_PROBLEM_
Starting with the first line below, reproduce each line exactly until you have included the one bearing "Men's Classic Baseball".

_ENTRIES PROVIDED_
= = =

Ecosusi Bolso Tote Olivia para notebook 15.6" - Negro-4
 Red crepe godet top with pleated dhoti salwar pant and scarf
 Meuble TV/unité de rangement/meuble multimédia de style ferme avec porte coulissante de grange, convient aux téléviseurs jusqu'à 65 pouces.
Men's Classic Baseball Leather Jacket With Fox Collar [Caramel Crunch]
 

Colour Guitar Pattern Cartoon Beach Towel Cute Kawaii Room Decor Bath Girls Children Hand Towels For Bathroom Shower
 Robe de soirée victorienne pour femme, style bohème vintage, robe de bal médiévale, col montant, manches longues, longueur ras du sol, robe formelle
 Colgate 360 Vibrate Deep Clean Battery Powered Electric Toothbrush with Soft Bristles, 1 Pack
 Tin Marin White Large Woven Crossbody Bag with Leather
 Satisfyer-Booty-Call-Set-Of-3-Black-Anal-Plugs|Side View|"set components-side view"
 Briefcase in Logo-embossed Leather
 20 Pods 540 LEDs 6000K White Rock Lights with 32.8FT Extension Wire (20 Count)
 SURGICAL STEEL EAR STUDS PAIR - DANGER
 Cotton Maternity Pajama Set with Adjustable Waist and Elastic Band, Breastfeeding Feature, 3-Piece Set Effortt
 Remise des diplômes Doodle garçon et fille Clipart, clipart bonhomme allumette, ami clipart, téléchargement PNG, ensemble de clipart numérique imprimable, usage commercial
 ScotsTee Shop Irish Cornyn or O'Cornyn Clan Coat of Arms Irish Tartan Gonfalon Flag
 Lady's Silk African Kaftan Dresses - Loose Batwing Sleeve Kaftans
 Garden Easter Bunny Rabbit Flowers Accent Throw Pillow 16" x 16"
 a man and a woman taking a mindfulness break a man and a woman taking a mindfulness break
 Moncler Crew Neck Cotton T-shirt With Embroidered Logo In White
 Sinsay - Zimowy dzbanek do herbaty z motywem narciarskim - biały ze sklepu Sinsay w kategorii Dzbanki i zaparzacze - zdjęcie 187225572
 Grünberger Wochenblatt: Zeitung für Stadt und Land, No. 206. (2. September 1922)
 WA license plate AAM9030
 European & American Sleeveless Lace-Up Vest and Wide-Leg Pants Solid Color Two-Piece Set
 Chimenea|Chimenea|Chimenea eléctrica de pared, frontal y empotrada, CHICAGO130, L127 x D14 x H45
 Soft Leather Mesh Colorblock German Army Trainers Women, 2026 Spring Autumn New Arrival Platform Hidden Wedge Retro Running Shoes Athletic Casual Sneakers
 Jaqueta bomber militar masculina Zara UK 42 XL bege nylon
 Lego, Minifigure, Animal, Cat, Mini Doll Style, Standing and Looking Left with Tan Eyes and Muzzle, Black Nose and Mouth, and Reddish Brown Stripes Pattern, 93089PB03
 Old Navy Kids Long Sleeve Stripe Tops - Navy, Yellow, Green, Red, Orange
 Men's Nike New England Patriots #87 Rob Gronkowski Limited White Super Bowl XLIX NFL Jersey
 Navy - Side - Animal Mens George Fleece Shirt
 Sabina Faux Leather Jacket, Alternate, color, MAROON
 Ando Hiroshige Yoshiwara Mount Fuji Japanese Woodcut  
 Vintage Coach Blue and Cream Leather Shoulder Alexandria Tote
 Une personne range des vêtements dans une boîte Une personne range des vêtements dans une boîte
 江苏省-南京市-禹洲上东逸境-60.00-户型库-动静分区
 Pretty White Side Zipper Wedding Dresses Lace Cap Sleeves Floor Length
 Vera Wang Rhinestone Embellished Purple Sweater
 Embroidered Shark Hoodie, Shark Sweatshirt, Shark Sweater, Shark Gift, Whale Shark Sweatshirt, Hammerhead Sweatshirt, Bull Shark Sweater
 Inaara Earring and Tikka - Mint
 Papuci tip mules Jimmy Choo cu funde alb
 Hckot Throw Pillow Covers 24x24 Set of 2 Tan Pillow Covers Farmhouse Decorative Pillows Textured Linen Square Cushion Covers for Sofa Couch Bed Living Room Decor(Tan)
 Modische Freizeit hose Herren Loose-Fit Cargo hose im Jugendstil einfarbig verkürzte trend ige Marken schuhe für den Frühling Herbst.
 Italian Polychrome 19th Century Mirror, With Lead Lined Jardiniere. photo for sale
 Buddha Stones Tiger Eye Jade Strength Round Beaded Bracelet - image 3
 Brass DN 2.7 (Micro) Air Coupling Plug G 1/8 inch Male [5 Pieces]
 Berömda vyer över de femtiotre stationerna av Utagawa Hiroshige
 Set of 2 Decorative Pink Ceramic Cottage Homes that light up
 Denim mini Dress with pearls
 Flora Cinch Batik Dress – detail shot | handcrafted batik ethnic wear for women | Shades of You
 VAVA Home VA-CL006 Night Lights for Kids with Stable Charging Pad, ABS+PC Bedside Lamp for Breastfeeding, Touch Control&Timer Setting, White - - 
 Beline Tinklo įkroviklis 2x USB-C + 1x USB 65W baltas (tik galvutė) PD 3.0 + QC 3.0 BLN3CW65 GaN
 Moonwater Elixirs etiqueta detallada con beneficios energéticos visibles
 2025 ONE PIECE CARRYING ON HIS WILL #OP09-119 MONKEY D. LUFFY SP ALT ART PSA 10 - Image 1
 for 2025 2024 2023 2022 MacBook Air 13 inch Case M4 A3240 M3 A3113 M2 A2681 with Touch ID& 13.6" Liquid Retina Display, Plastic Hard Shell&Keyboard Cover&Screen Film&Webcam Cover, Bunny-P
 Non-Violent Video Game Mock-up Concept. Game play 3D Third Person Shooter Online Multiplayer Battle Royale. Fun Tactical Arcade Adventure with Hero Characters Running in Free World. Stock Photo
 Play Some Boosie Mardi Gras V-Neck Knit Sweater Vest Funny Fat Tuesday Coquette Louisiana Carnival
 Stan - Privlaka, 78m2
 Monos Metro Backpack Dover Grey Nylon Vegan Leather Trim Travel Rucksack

= = =

_REPLY TO THE EXERCISE_
Ecosusi Bolso Tote Olivia para notebook 15.6" - Negro-4
 Red crepe godet top with pleated dhoti salwar pant and scarf
 Meuble TV/unité de rangement/meuble multimédia de style ferme avec porte coulissante de grange, convient aux téléviseurs jusqu'à 65 pouces.
Men's Classic Baseball Leather Jacket With Fox Collar [Caramel Crunch]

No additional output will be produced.